Tuesday, March 10, 2009

Supreme Court's ruling will have broad impact

Monday's U.S. Supreme Court ruling on a North Carolina voting rights case could have a profound impact on the state's redistricting and voting process, and on Wilson County's elections. A five-member majority of the court found that the 1965 Voting Rights Act, as amended in 1982, did not require the creation of electoral districts that gave minority voters a substantial share of registered voters. Only when districts could be formed with a majority of minority voters, so-called majority-minority districts, would special consideration for minority voting rights be necessary, the court ruled. The case came out of Pender County, which was divided in order to create a district with 39 percent minority registration, even though the state constitution requires that counties not be divided in creating legislative districts.

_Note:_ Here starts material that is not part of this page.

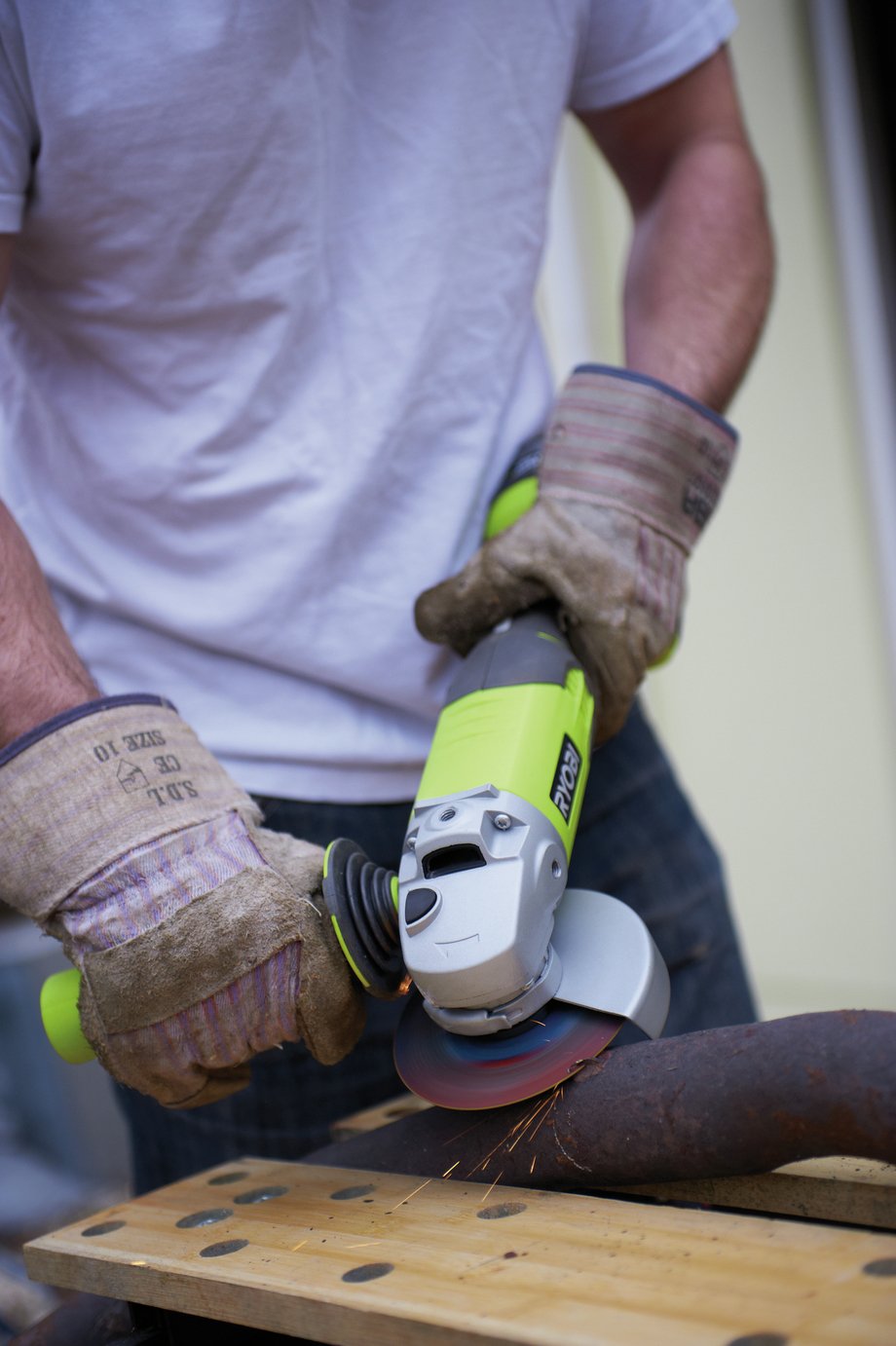 Ryobi R18AG0 Angle Grinder Bare Tool Reviews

This ruling will not affect majority-minority districts, such as the 12th or 1st congressional districts, but it will likely prohibit districts with a near-majority of minority voters when maps are redrawn after the 2010 census. (The much-litigated 12th District has a plurality of minority voters but not a majority.) The ruling could affect electoral districts drawn by cities and counties, including Wilson and Wilson County. The court's ruling might even hint at the court's willingness to reconsider the efficacy an applicability of one of the Voting Rights Act's key provisions, which requires federal approval of any change to voting laws or practices in areas that had few black voters nearly 50 years ago.

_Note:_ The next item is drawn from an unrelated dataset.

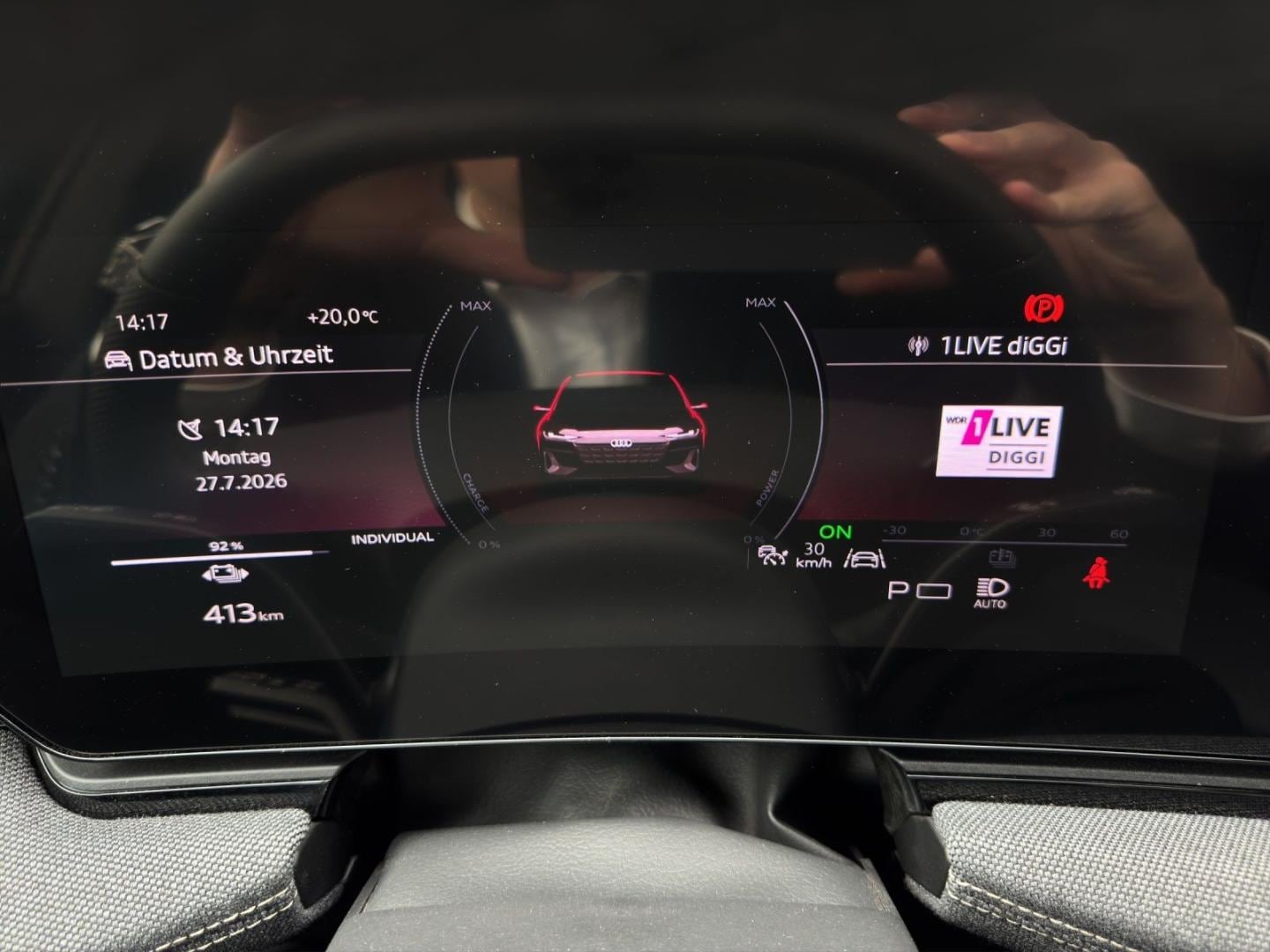 Bild über Audi A6 Avant e-tron e-tron - für weitere Informationen kontaktieren Sie den Audi Partner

Both Democrats and Republicans have made accommodations to the Voting Rights Act. Democrats have used the law to establish safe minority districts that are also safely Democratic. Republicans have abetted the shepherding of Democratic-leaning minority voters out of other districts, leaving substantially safe Republican districts adjacent to the majority-minority districts.
The court's ruling might even give some impetus to changing the city of Wilson's voting districts. The city's population is roughly divided between white and black residents. Three City Council districts are majority white. Three are safely in minority hands. The seventh is roughly evenly divided. Ever since this arrangement was implemented, with the blessings of the U.S. Justice Department's Civil Rights Division, some Wilson voters have complained about being able to vote for only one council member. But few City Council members are willing to risk the political upheaval that a change would entail.
Wilson County, which has a larger percentage of whites, has divided the County Commission with three majority-minority districts and four majority-white districts. The Wilson County Board of Education uses the county's electoral districts.
In a nation that has just elected an African-American president, this concentration on the race of voters seems archaic. The court's majority admitted Monday that racial discrimination is not just a historical fact, but three of the five justices were unwilling to go too far in setting aside legislative seats for minorities. Justices Thomas and Scalia opposed all race-based considerations in redistricting.